State Law

Health and Safety Code-Division 2-Chapter 2.2. Health Care Service Plans-Article 5. Standards

08/29/2023 California Section 1373.96

Continuation of care by terminated or out-of-network provider

Continuity of Care Post-Contract

(a) A health care service plan shall, at the request of an enrollee, provide for the completion of covered services as set forth in this section by a terminated provider or by a nonparticipating provider.

(b) (1) The completion of covered services shall be provided by a terminated provider to an enrollee who, at the time of the contract’s termination, was receiving services from that provider for one of the conditions described in subdivision (c).

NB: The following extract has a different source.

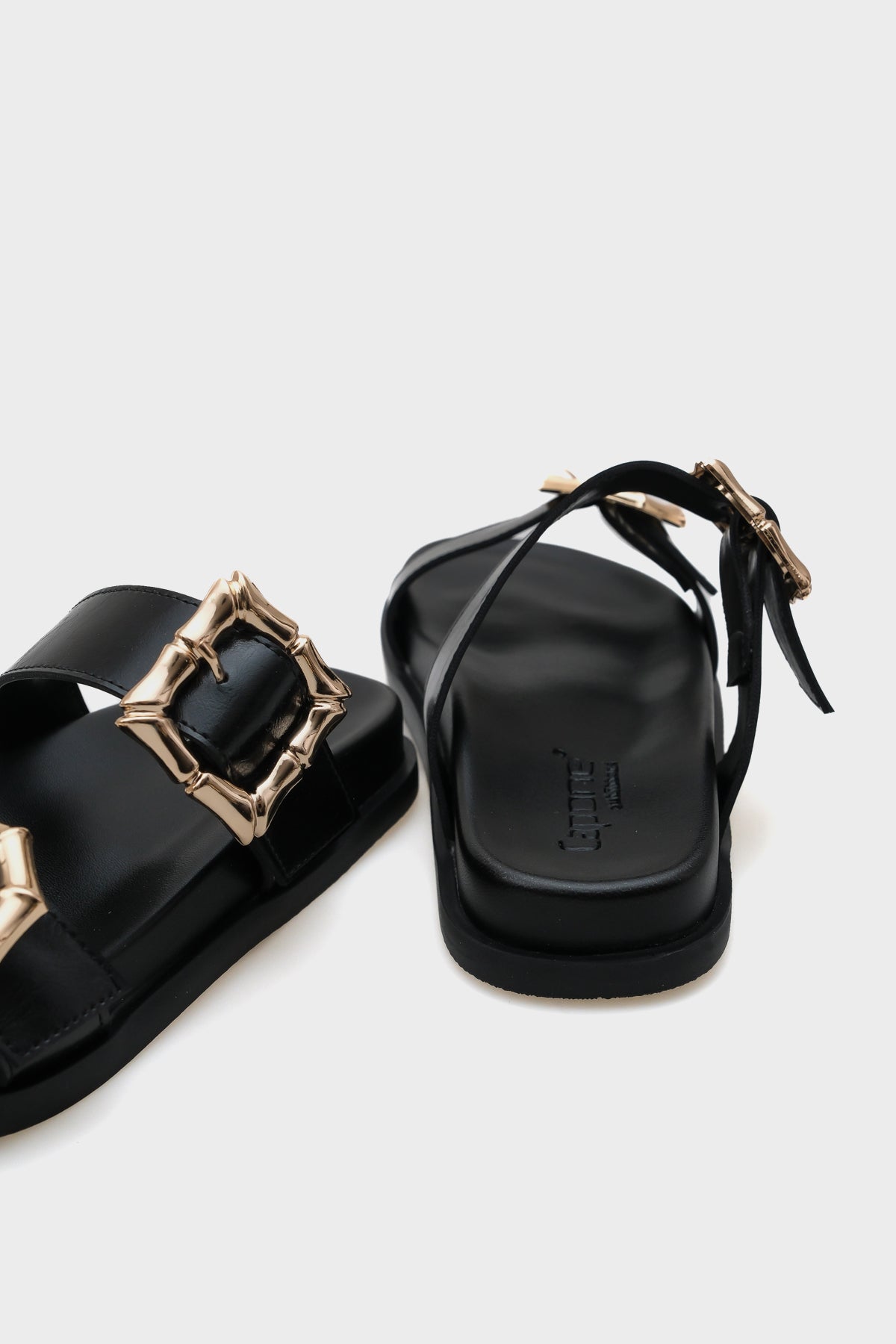 Marti Çift Tokalı Kadın Konfor Terlik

(2) The completion of covered services shall be provided by a nonparticipating provider to a newly covered enrollee who, at the time the enrollee’s coverage became effective, was receiving services from that provider for one of the conditions described in subdivision (c).

(c) The health care service plan shall provide for the completion of covered services for the following conditions:

(1) An acute condition. An acute condition is a medical condition that involves a sudden onset of symptoms due to an illness, injury, or other medical problem that requires prompt medical attention and that has a limited duration. Completion of covered services shall be provided for the duration of the acute condition.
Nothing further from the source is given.